De son côté, la Banque Royale a confirmé sa participation au programme. Sans révéler l'ampleur des montants empruntés, un porte-parole, Raymond Chouinard, a dit au Devoir que la banque va s'en retirer d'ici quelques années. La Banque TD n'a pas voulu dévoiler ses emprunts.
4 commentaires
  • Bouletrouge - Inscrit 30 août 2011 09 h 09

    argent publique?

    Si c'est de l'argent publique, cela confirme qu'on ne peut absolument pas avoir confiance en ces institutions.

    Remarquez, le gouvernement Harper est très contrôlant sur l'information. Ça donne un mauvais exemple que d'autres s'empressent de suivre.

    Une belle commande pour wikileaks...

  • Notsag - Inscrit 30 août 2011 09 h 16

    Bien pratique cette "obligation de confidentialité"!

    Pourquoi donc refuser de dévoiler cette information, qui semble plutôt anodine.

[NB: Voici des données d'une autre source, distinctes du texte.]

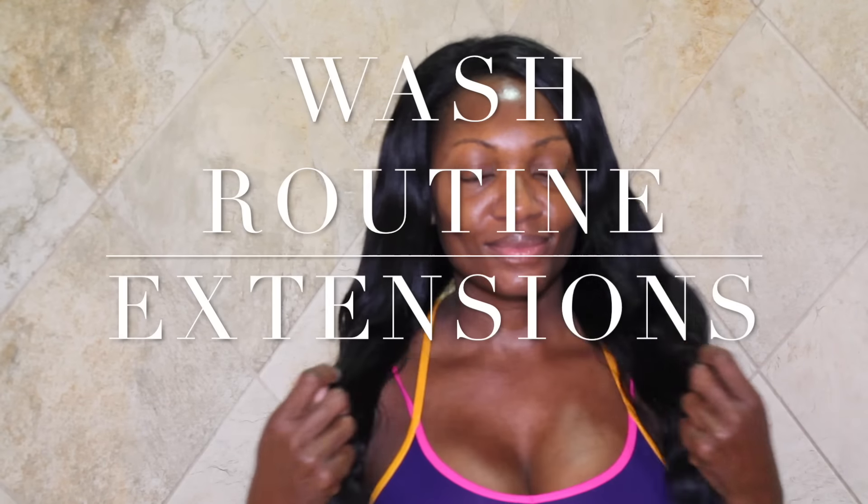Hi guys, I am getting ready to wash my hair so I decided to bring you all along. I know that as we enter into the winter months many of us like to wear protective styles, and what you're looking at is just an old sew-in. I'll be taking it down in a couple of weeks.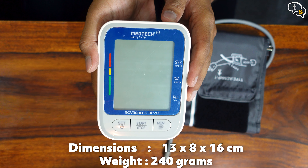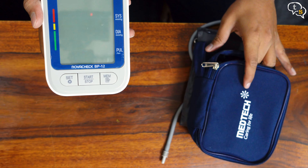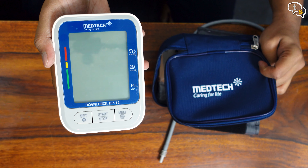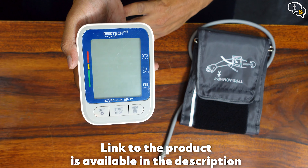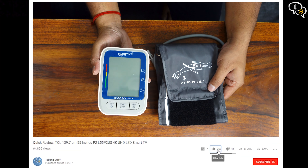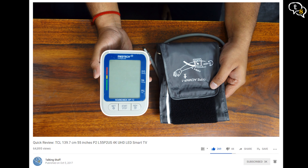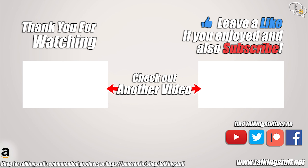So that was the Medtech Novacek BP-12 — a slim, easy to carry blood pressure monitor, especially with the included zip bag. Easy to use device, especially by adults in the family, as I picked this up for my parents. If you would like to pick one up for yourself, the link is available in the description. Make sure to like, subscribe and also hit the notification bell to be notified when new videos are added. Thank you for watching and see you all next time. Bye.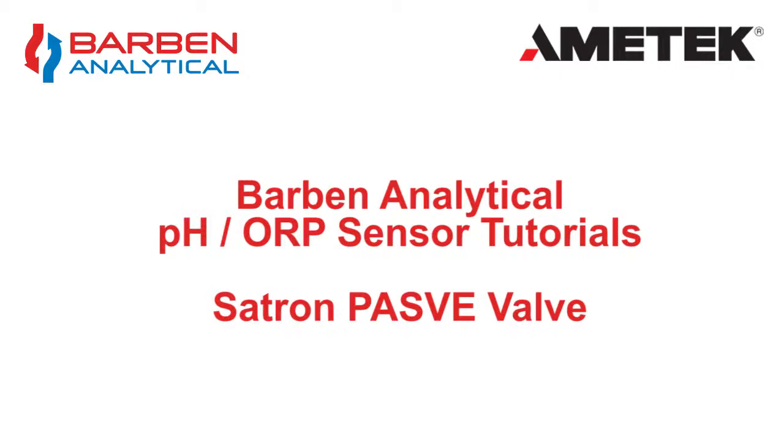Welcome to another video from Barb and Analytical. In this video we are looking at an interesting partner product called the Pass V-Valve from Satron.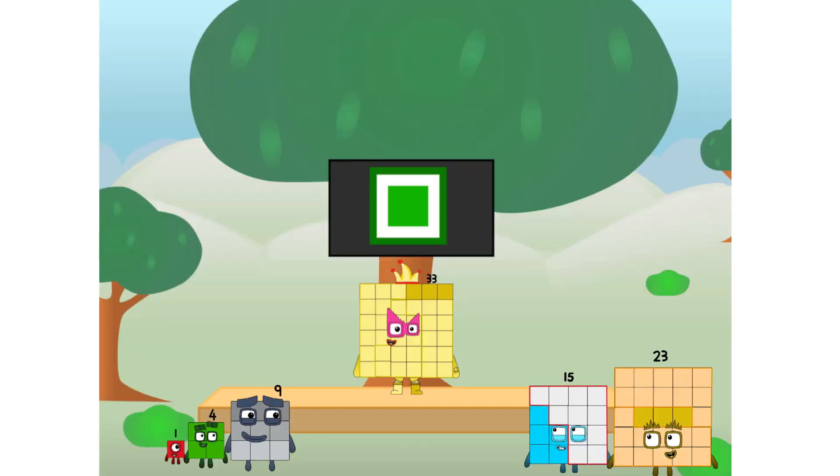Fellow squares, ever since one of us fell from the sky, we have been bold explorers, discovering new lands, seeking out new friends, dealing with round things. Uck. Round things. Well, I say it's time to tackle the ultimate round thing — the moon. Let's solve the puzzle of how to put a square on the moon without using rockets.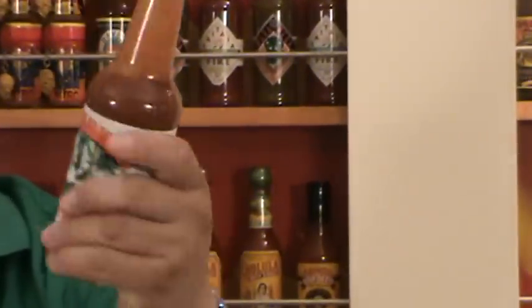Round peppers, garlic, vinegar, crushed peppers, spices, cayenne pepper. You can see the seasonings right there on the bottle.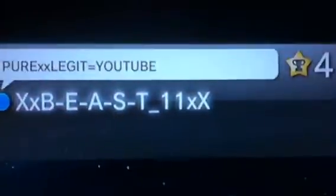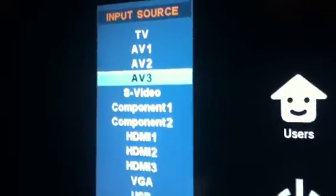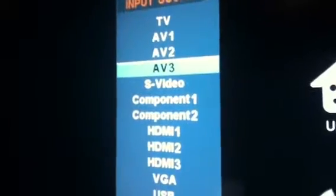Let me show you how to set up HDMI. Some people, they have this on — they go to Source right here and they have all this stuff. So I used to be on AV3, as you can see right here.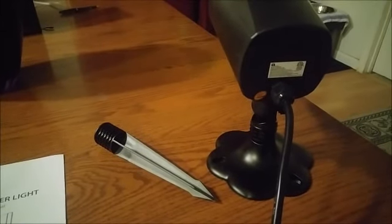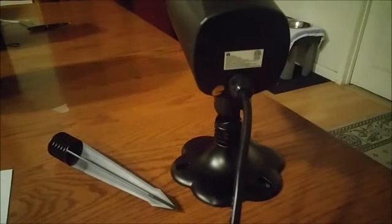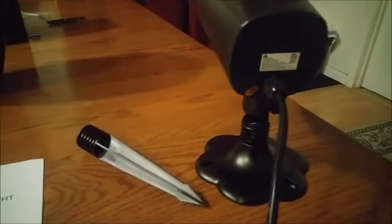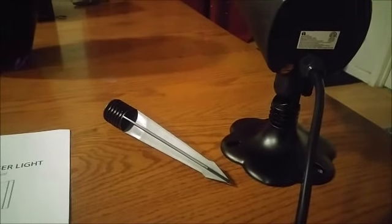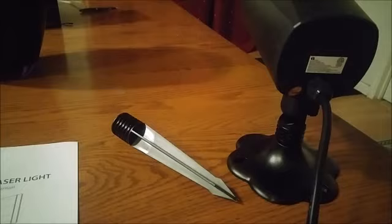Reviewing the 1x1 garden laser light. The laser light has a stationary stand that you can use it on, or a stake that you can drive into the ground and put the light on top of.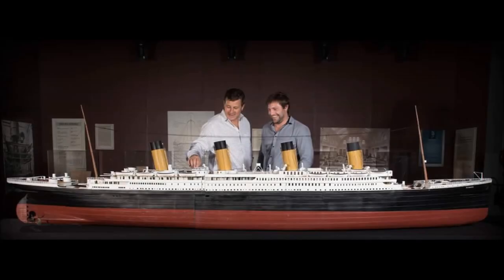Hi everyone, I'm Bernie. I thought I'd make a quick video to explain a bit about the 3D printed Titanic that I made — the big 4-meter-long one, or 13 feet — and just go through how I designed it, how I built it, how it performed, and where it is today.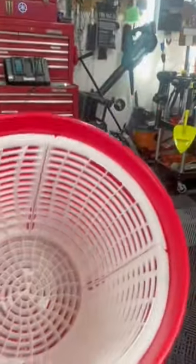So preassemble that, drop it down in your bucket, and push it down until it's seated. It'll lock into place so as you dump out your dirty water, the grit guard will stay there.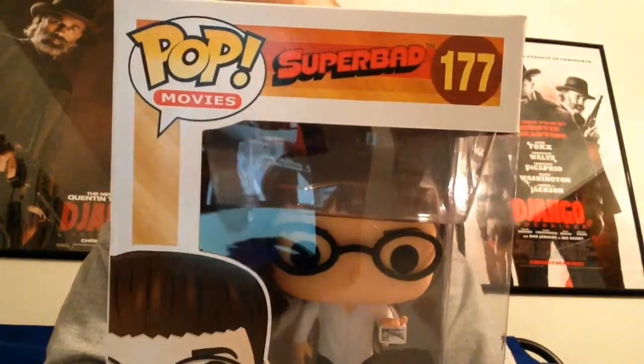Hey, what's going on there, YouTube? Welcome back to Charles' Toy Room and another Funko Pop review. Today we're going to be taking a look at Pop Movies Superbad 177, McLovin.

    Cette "obligation de confidentialité" leur est bien pratique pour camoufler leurs combines de paradis fiscaux, de spéculations boursières, ou même de "coopération" avec le crime organisé pour le blanchiment d'argent.

    pour eux, l'opacité de leurs opération est un gage de succès.

  • Jean-Francois Lachance - Inscrit 30 août 2011 15 h 34

    bienvenue au kanadaistan

    Depuis l'arrivée au pouvoir des conservateurs en 2006, ce n'est pas très surprenant. Peu à peu, le pays prends des plis de plus en plus digne d'une république fantoche dirigé par un pion plus préoccupé à engraisser une industrie militaire et les " grands " patrons de l'économie. Au nom du Dieu profit tout est permis : magouille, malversation. Un gouvernement censé incarner l'ordre la stabilité et la transparence nous plonge en 2011 dans un pays où la criminalité est en hausse, la corruption fait plus rage que jamais l'endettement et le déficit plus haut que sous les libéraux et pour couronner le tout un fonds propagandiste digne des belles années de Dupplessis au Québec ou de tout autre fantoche de droite. Les grandes banques peuvent dormir sur leurs oreilles tranquilles. Les mêmes idiots qui ont déclenché cette crise sont les premiers à recevoir à coup de milliards de l'argent pour sortir de cette impasse. Malheureusement, je ne vois vraiment pas qui ou quoi pourrait nous sortir de ce merdier et à long terme j'imagine déjà un Canada s'appauvrir tant en qualité de vie qu'économiquement parlant. l'Argentine au début du 20ème siècle était une nation promue à devenir une éventuelle puissance économique, cependant eux aussi eurent à l'époque leur Stephen Harper et de nos jours ils commencent à peine à s'en sortir....

    Réveillez-vous, la démocratie même si les médias et tous leur sbires tentent de nous faire croire le contraire passe d'abord et avant tout par l'action directe des citoyens !!

  • Olivier Carrier - Inscrit 30 août 2011 19 h 50

    Le pour et le contre

    D'un côté, je comprend que les banques ont tout intérêt à garder cette information pour elles. Elles défendent toutes farouchement leur cours en bourse et jamais elles ne voudraient se faire prendre les culottes à terre si vous me permettez, et encore moins offrir un point de comparaison entre elles. Même celle qui se serait trouvée le moins exposée et ayant donc l'air la plus solide, ne voudrait jamais s'ouvrir de telle façon.

    De l'autre côté, il doit y avoir une limite à l'opacité du milieu financier, surtout lorsqu'il s'agit de prêts de la banque centrale. J'essaie de penser à des comités de supervision ad hoc de citoyens qui auraient des spécialistes pour les éclairer, qui seraient tenus à respecter le caractère sensible de ces informations ou quelque chose du genre mais ce n'est pas évident. Des idées?